▸ **Material shown**:
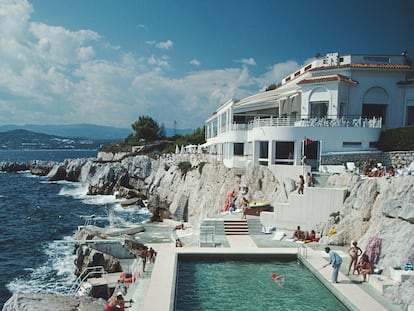 El Hotel du Cap-Eden-Roc retratado por Slim Aarons en los setenta.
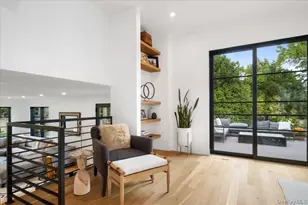 1040 Nautilus Ln, Mamaroneck, NY 10543 - Photo 19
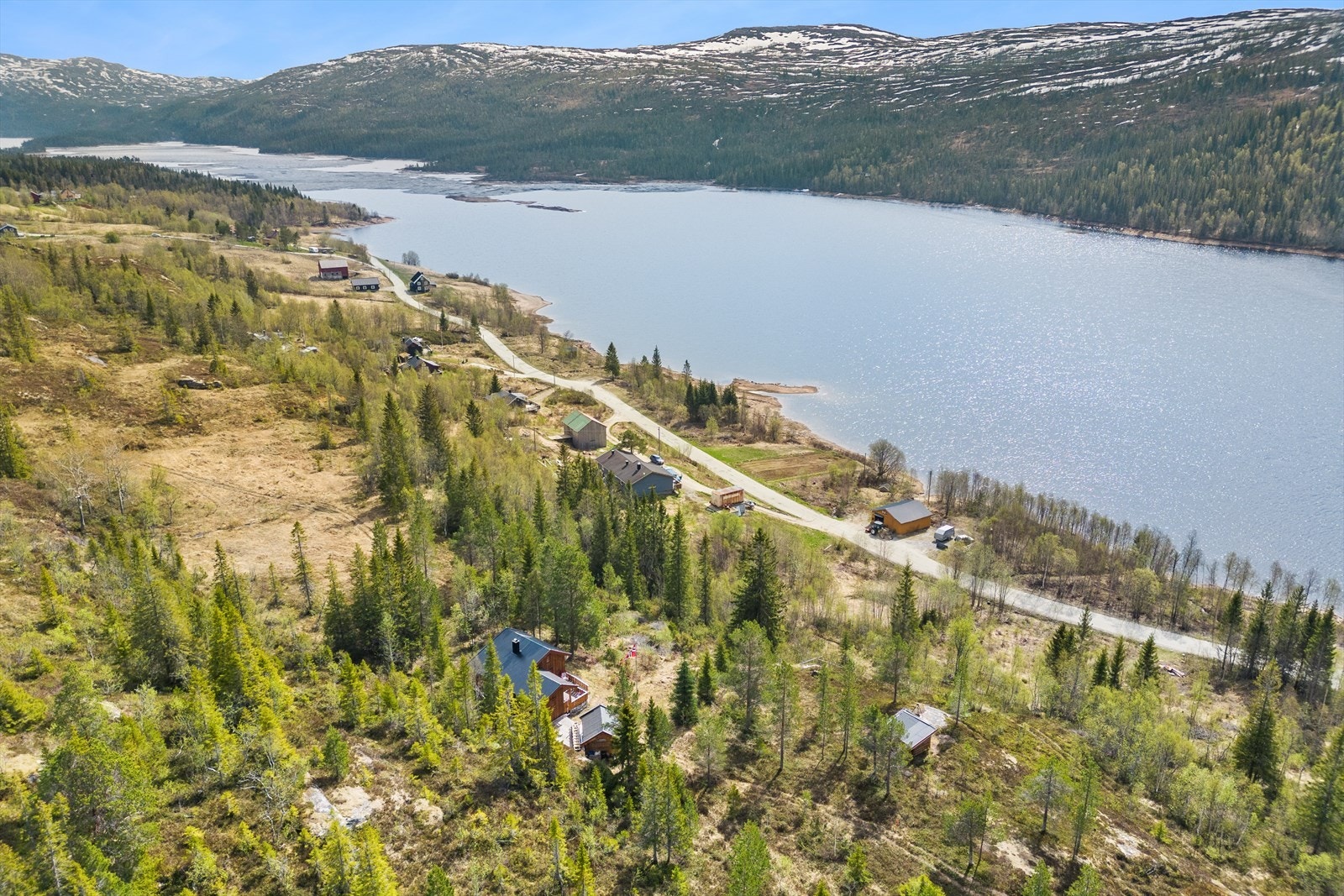 Veldig lettvint å komme seg til hytta fra Mo en ettermiddag. Således har hytta også vært et samlingspunkt for storfamilien og venner. Galleribilde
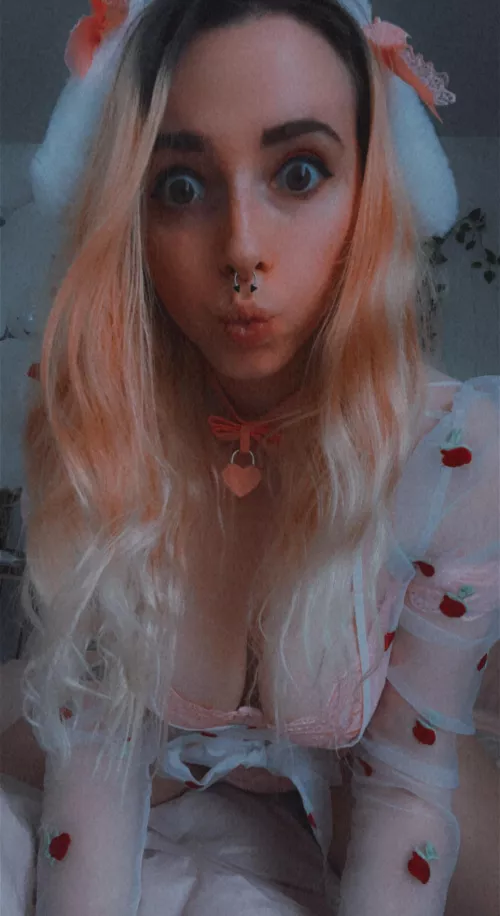 Bb bun 😋😋 by MassiveRisk9148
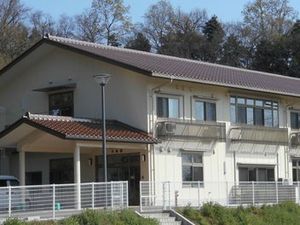自然に囲まれた外観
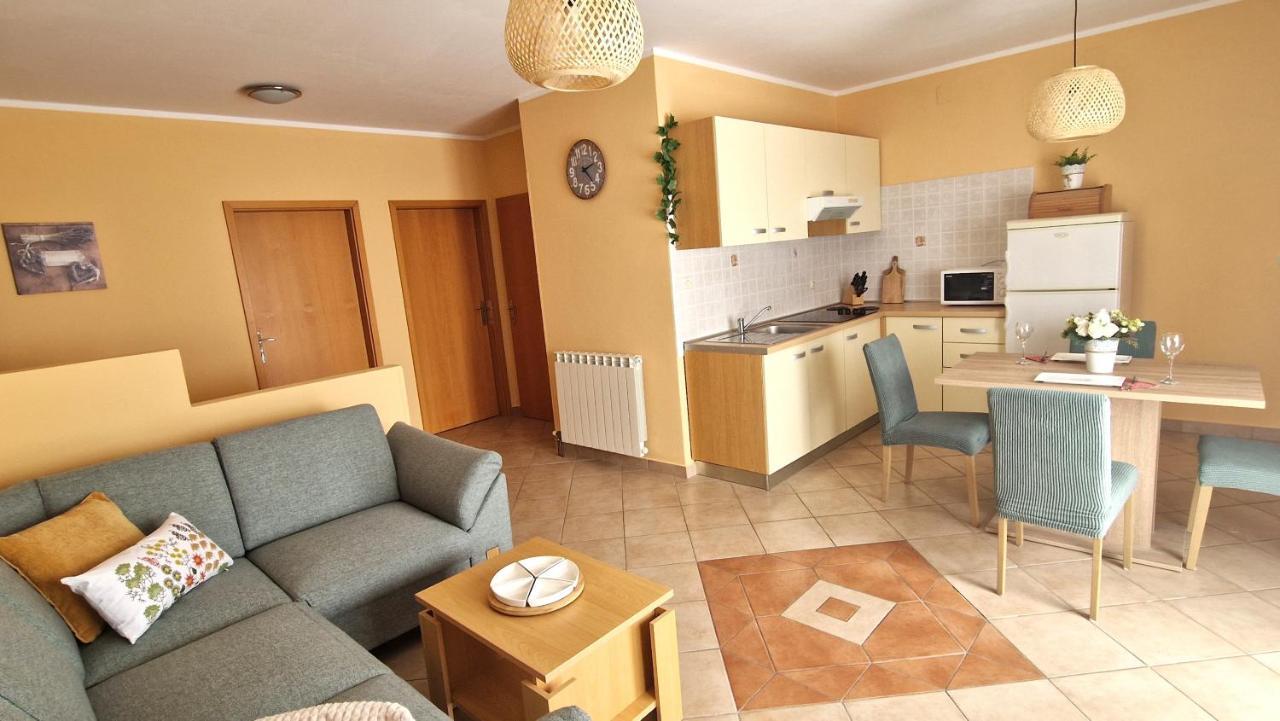 קרק Apartments Ana & Ivan מראה חיצוני תמונה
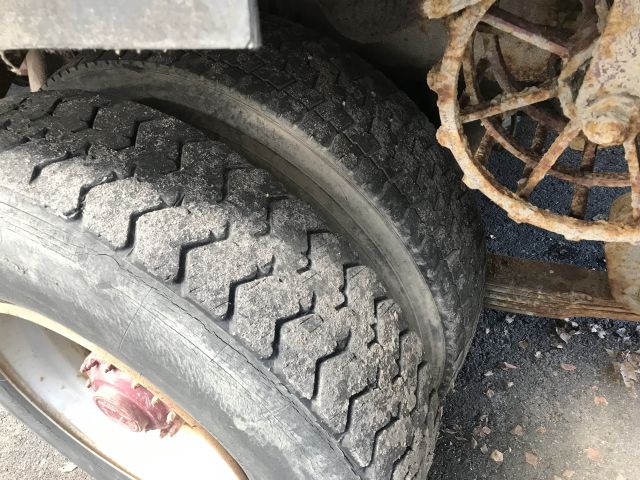 695019-17 Volvo N10 6x2 tippflak  1977 veteran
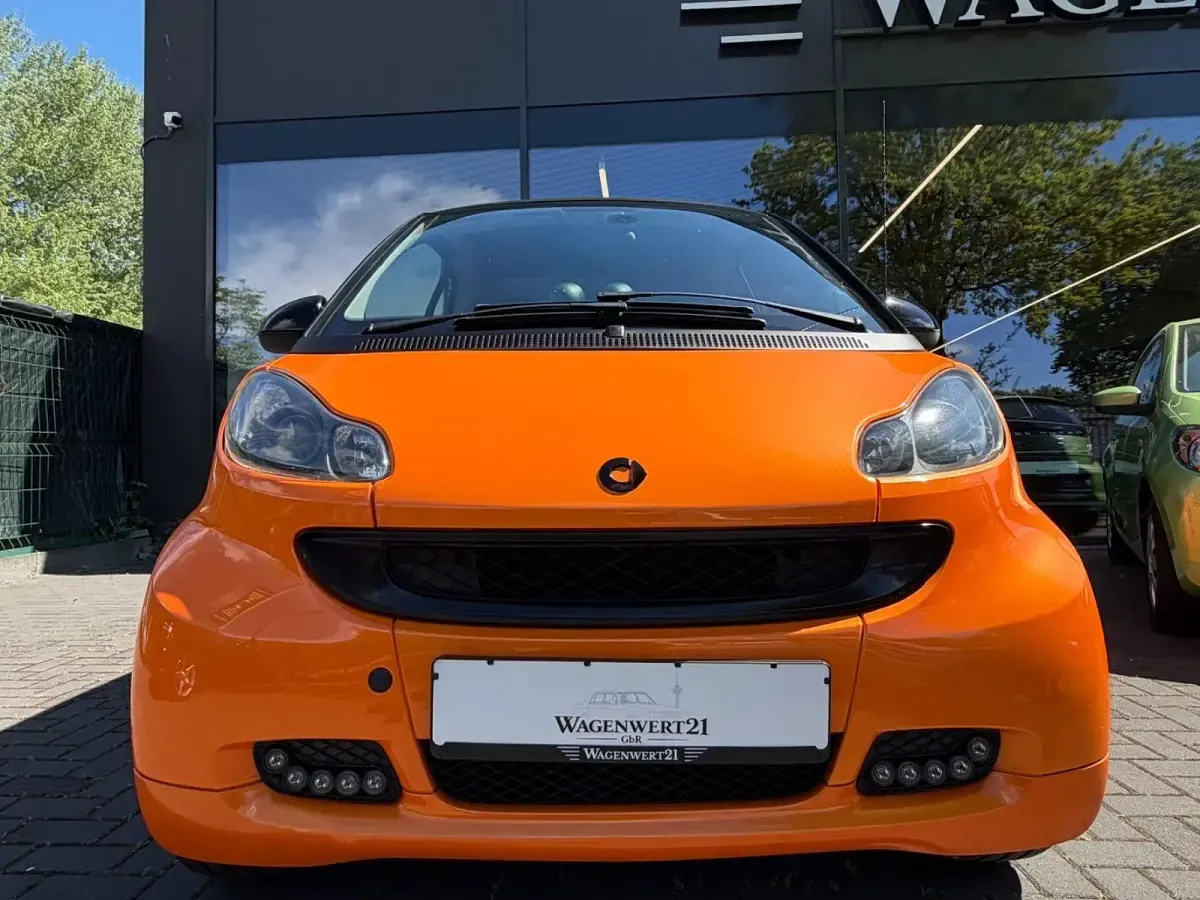 Usata Smart ForTwo Coupé 84 CV (61 kW) 2011 Arancione Coupé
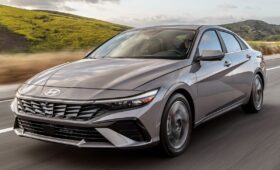 https://autoproyecto.com/2025/pruebas-de-autos/hyundai-elantra-limited-2025-un-hibrido-qure-roupe-esquemas.html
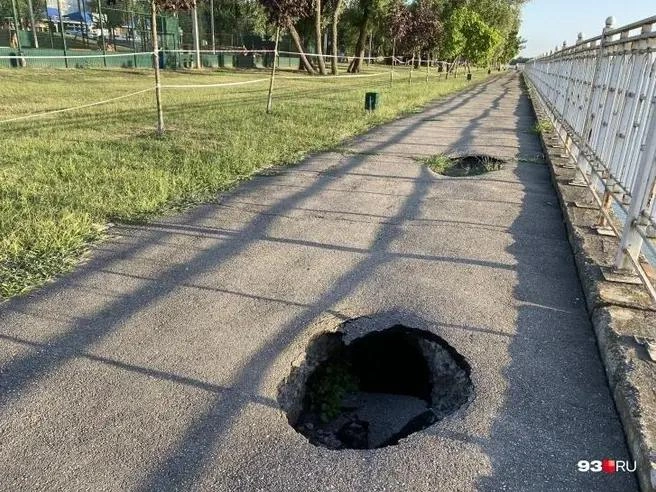 На тротуаре большие ямы | Источник: Валерия Дульская / 93.RU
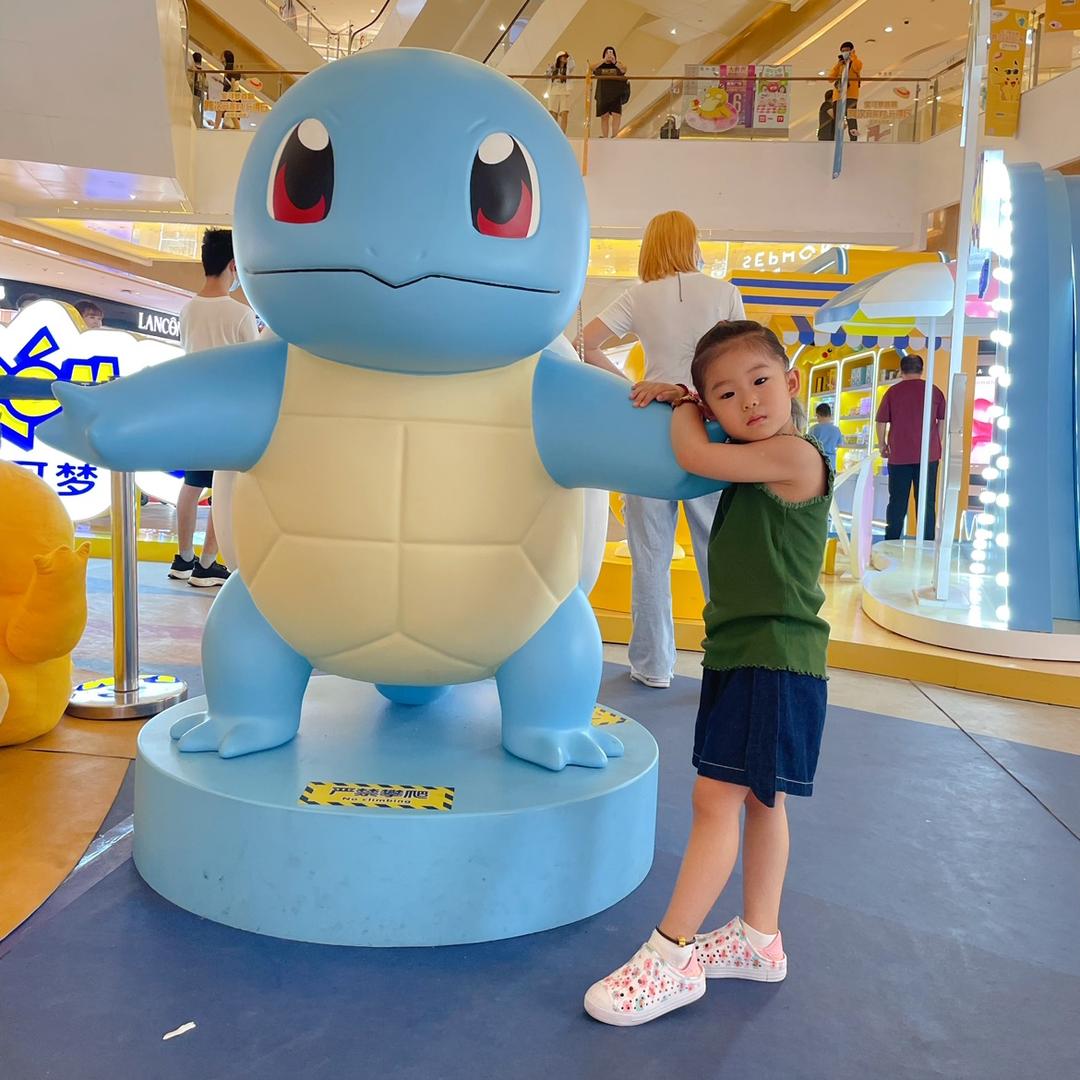 流着眼泪吃着肉。、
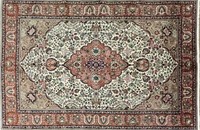 FINE QUALITY HAND KNOTTED PERSIAN WOOL TABRIZ RUG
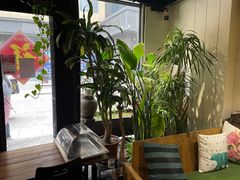 -八月美食小馆(银泰城总店)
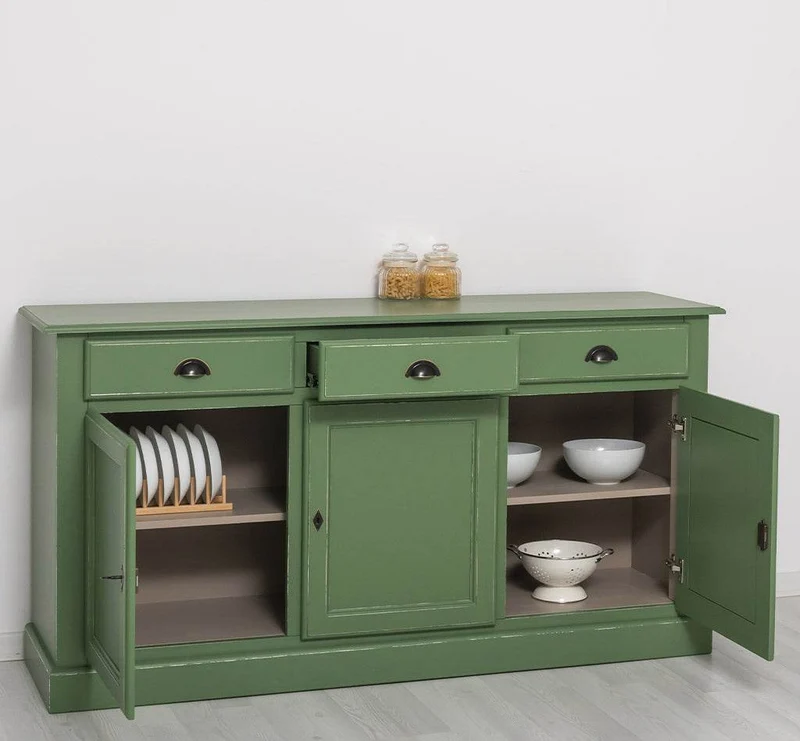 Sideboard aus Massivholz mit drei Schubladen und Türen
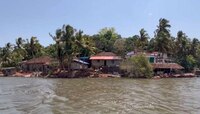 महाराष्ट्रातील एकमेव गाव जिथे घराबाहेर पार्क केलेल्या असतात होड्या; कोकणातील बेट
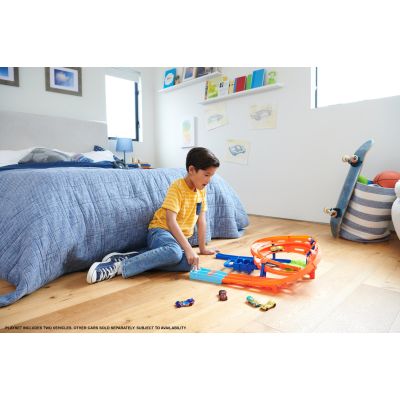 2. Hot Wheels Action HTK17 toy car
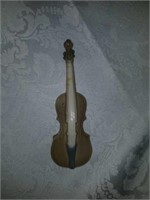 Beautiful Lladro Violin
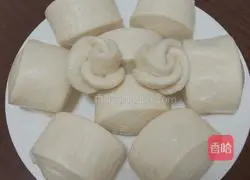 Illustration of how to make white steamed buns 8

▸ **How to complete this task**:
Each entry should be repeated exactly as it appears; the pictures stay out.

▸ **Task output**:
 El Hotel du Cap-Eden-Roc retratado por Slim Aarons en los setenta.
 1040 Nautilus Ln, Mamaroneck, NY 10543 - Photo 19
 Veldig lettvint å komme seg til hytta fra Mo en ettermiddag. Således har hytta også vært et samlingspunkt for storfamilien og venner. Galleribilde
 Bb bun 😋😋 by MassiveRisk9148
自然に囲まれた外観
 קרק Apartments Ana & Ivan מראה חיצוני תמונה
 695019-17 Volvo N10 6x2 tippflak  1977 veteran
 Usata Smart ForTwo Coupé 84 CV (61 kW) 2011 Arancione Coupé
 https://autoproyecto.com/2025/pruebas-de-autos/hyundai-elantra-limited-2025-un-hibrido-qure-roupe-esquemas.html
 На тротуаре большие ямы | Источник: Валерия Дульская / 93.RU
 流着眼泪吃着肉。、
 FINE QUALITY HAND KNOTTED PERSIAN WOOL TABRIZ RUG
 -八月美食小馆(银泰城总店)
 Sideboard aus Massivholz mit drei Schubladen und Türen
 महाराष्ट्रातील एकमेव गाव जिथे घराबाहेर पार्क केलेल्या असतात होड्या; कोकणातील बेट
 2. Hot Wheels Action HTK17 toy car
 Beautiful Lladro Violin
 Illustration of how to make white steamed buns 8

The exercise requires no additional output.